### WHAT NEEDS TO BE DONE
Please copy exactly every line from the one that contains "Costa Del Mar" to the end of the data below, with both ends included and no other lines.

### GIVEN MATERIAL
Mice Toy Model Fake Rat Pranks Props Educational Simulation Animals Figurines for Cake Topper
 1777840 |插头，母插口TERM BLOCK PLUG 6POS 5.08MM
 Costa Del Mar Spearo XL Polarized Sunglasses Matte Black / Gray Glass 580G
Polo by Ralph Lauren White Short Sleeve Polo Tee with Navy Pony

### WRITTEN REPLY
 Costa Del Mar Spearo XL Polarized Sunglasses Matte Black / Gray Glass 580G
Polo by Ralph Lauren White Short Sleeve Polo Tee with Navy Pony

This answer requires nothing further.